JP2005321104A - Eccentric differential reducer - Google Patents

Abstract

<P>PROBLEM TO BE SOLVED: To provide an eccentric differential reducer having reduced size and manufacturing cost as a whole. <P>SOLUTION: In the eccentric differential reducer 56, one 50a of two or more crank shafts 50, to which the rotation of an output shaft 59 of a driving motor 58 is transmitted, is rotated and remaining others 50b thereof are rotated in synchronization with the one crank shaft 50a. Thus, the axial length of the whole device is shortened to reduce the size and the manufacturing cost. <P>COPYRIGHT: (C)2006,JPO&NCIPI

Description

    The present invention relates to an eccentric differential reducer having two or more crankshafts and rotating a pinion eccentrically by rotating the crankshaft.

    As conventional eccentric differential reducers, for example, those shown in FIGS. 4 and 5 are known. This is a rotating case 14 provided with a large number of teeth 13 on the inner periphery, and is provided in the rotating case 14 with a slightly smaller number of teeth than the teeth 13 of the rotating case 14 on the outer periphery, and on the teeth 13 of the rotating case 14. A pinion 16 provided with meshing external teeth 15, two or more crankshafts 19 having a crank portion 18 inserted in the pinion 16, a carrier 17 for rotatably supporting the crankshaft 19, an external gear 21 on the outer periphery, And an external gear 25 fixed to one end of the output shaft 24 of the drive motor 26 meshes with the external gear 22, and the external gear 21 is the other end of each crankshaft 19. Is engaged with the two external gears 23 fixed to each other.

    However, in such a conventional eccentric differential reduction gear, since the rotation of the drive motor 26 is transmitted to the crankshaft 19 via the external gears 25, 22, 21, 23, the entire apparatus is There is a problem that it becomes longer in the axial direction.

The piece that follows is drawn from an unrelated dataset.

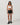 Model wearing Vuori Clementine Retro Shorts in Black with white contrast trim, a white sports bra and black sneakers.”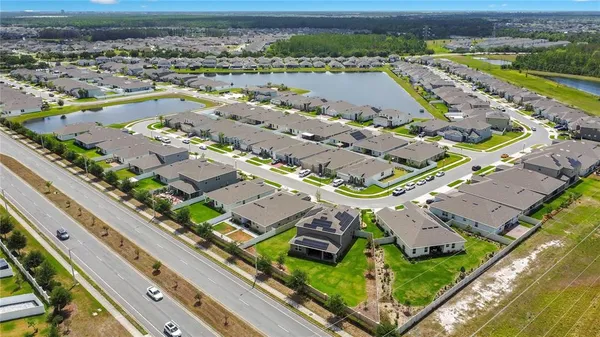 a aerial view of a house with swimming pool and garden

  It is an object of the present invention to provide an eccentric differential reduction gear that can reduce the size of the entire apparatus and that can be manufactured at low cost.

    The purpose of this is to provide a rotating case with a large number of teeth on the inner periphery and external teeth that are provided in the outer case and have slightly fewer teeth than the teeth of the rotating case and mesh with the teeth of the rotating case. Rotation of the output shaft of the drive motor in the eccentric differential reduction gear comprising the pinion thus formed, two or more crankshafts having a crank portion inserted into the pinion, and a carrier that rotatably supports the crankshaft. This can be achieved by transmitting the rotation to any one of the two or more crankshafts and rotating the remaining crankshaft in synchronization with the one crankshaft.

    According to this eccentric differential reduction gear, the rotation of the output shaft of the drive motor is transmitted to any one of the two or more crankshafts and rotated, and the remaining crankshaft is moved to the one crankshaft. Since the rotation is synchronized with the crankshaft, the axial length of the entire apparatus can be shortened, and the manufacturing cost can be reduced.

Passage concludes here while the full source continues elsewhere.